[Recorded data]
>>>
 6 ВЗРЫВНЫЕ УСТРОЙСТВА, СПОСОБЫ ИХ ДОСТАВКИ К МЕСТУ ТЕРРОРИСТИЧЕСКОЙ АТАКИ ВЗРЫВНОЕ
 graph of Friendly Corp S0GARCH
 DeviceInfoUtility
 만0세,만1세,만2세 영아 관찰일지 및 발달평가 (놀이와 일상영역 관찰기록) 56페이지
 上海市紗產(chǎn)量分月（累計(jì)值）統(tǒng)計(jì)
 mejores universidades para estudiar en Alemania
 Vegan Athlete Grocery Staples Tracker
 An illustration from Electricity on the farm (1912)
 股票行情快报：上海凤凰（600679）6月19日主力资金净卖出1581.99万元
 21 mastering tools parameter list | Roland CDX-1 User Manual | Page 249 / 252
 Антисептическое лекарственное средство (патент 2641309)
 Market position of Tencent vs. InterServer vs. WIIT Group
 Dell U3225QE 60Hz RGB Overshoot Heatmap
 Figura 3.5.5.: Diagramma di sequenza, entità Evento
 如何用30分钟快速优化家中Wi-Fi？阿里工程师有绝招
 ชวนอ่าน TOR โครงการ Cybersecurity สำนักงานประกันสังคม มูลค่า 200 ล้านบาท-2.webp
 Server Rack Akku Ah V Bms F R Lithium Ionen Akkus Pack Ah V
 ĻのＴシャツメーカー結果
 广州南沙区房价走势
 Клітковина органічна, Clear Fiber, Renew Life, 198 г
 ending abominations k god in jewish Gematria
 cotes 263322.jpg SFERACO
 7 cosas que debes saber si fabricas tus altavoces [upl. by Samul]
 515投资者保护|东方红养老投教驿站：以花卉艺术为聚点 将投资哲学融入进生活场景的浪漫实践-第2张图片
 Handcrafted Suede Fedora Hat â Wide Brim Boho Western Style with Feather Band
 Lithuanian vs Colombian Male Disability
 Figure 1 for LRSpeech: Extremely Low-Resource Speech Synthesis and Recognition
<<<
Retype the records above in full, exactly.

 6 ВЗРЫВНЫЕ УСТРОЙСТВА, СПОСОБЫ ИХ ДОСТАВКИ К МЕСТУ ТЕРРОРИСТИЧЕСКОЙ АТАКИ ВЗРЫВНОЕ
 graph of Friendly Corp S0GARCH
 DeviceInfoUtility
 만0세,만1세,만2세 영아 관찰일지 및 발달평가 (놀이와 일상영역 관찰기록) 56페이지
 上海市紗產(chǎn)量分月（累計(jì)值）統(tǒng)計(jì)
 mejores universidades para estudiar en Alemania
 Vegan Athlete Grocery Staples Tracker
 An illustration from Electricity on the farm (1912)
 股票行情快报：上海凤凰（600679）6月19日主力资金净卖出1581.99万元
 21 mastering tools parameter list | Roland CDX-1 User Manual | Page 249 / 252
 Антисептическое лекарственное средство (патент 2641309)
 Market position of Tencent vs. InterServer vs. WIIT Group
 Dell U3225QE 60Hz RGB Overshoot Heatmap
 Figura 3.5.5.: Diagramma di sequenza, entità Evento
 如何用30分钟快速优化家中Wi-Fi？阿里工程师有绝招
 ชวนอ่าน TOR โครงการ Cybersecurity สำนักงานประกันสังคม มูลค่า 200 ล้านบาท-2.webp
 Server Rack Akku Ah V Bms F R Lithium Ionen Akkus Pack Ah V
 ĻのＴシャツメーカー結果
 广州南沙区房价走势
 Клітковина органічна, Clear Fiber, Renew Life, 198 г
 ending abominations k god in jewish Gematria
 cotes 263322.jpg SFERACO
 7 cosas que debes saber si fabricas tus altavoces [upl. by Samul]
 515投资者保护|东方红养老投教驿站：以花卉艺术为聚点 将投资哲学融入进生活场景的浪漫实践-第2张图片
 Handcrafted Suede Fedora Hat â Wide Brim Boho Western Style with Feather Band
 Lithuanian vs Colombian Male Disability
 Figure 1 for LRSpeech: Extremely Low-Resource Speech Synthesis and Recognition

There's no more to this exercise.